Chad Sowash: We know that guy.


Rameen Fattahi: Oh.


Chad Sowash: Oh, we know that guy.


Rameen Fattahi: He's a tremendous name, employee in marketing.


[laughter]


Rameen Fattahi: I'll save him because he deserves his own podcast.


[laughter]


Rameen Fattahi: But gentlemen, I'm now coordinating at Apple. I'm 22, maybe 23 years old.


Joel Cheeseman: Yeah.


Rameen Fattahi: I've got six months of agency recruiting experience. I joined as a coordinator. I got to support multiple functions from technology, mostly IT to marketing and GNA. While doing this, my recruiters that interviewed me said, "Hey, you are a recruiter and I need extra help. I don't have a sourcer on my team. You mind just moonlighting?" And I said, "What an opportunity. Thank you for this opportunity." And so I took that opportunity and without telling my boss.


[laughter]


Rameen Fattahi: I literally would spend my evening sourcing. And when you're in a coordinator role, it's hourly usually it's not exempt, and so I didn't clock any of those or say anything. What ended up happening for me was, it's about six months and 14 people that passed through and got all the way to hire through my sourcing effort, my recruiters went to their leaders and said, "let's bring this guy on the team.

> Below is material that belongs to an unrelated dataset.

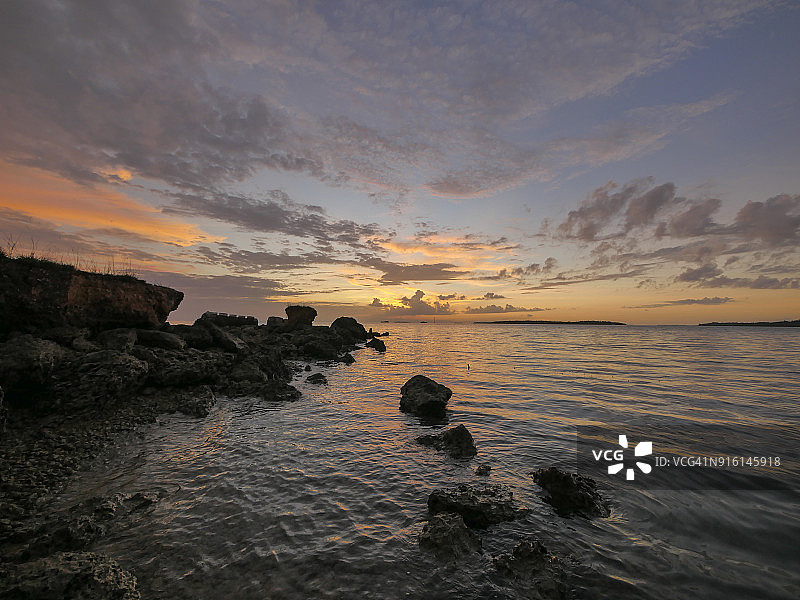 多朵拉岛阳光图片素材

Bring this guy and interview him on the team." And it was true, I showed up with 12 senior recruiters that today are my mentors. And without them, again networking again, other people, I don't know if I'd be in front of you today and have the opportunity to speak. And there's this secret trick for a bunch of people that might be new in any new role. Go out of your office or whatever seat you have and don't ask anybody the same question twice and don't ask the same people a second question in the same day. That was my trick.


[laughter]


Rameen Fattahi: I had 12 mentors. I'd walk from one person to the next, ask them a different question and nobody knew I didn't know what I was talking about.


[laughter]


Rameen Fattahi: And I was able to have tremendous output through their brains. And I wanna be honest about it.


Joel Cheeseman: That's some next level shit.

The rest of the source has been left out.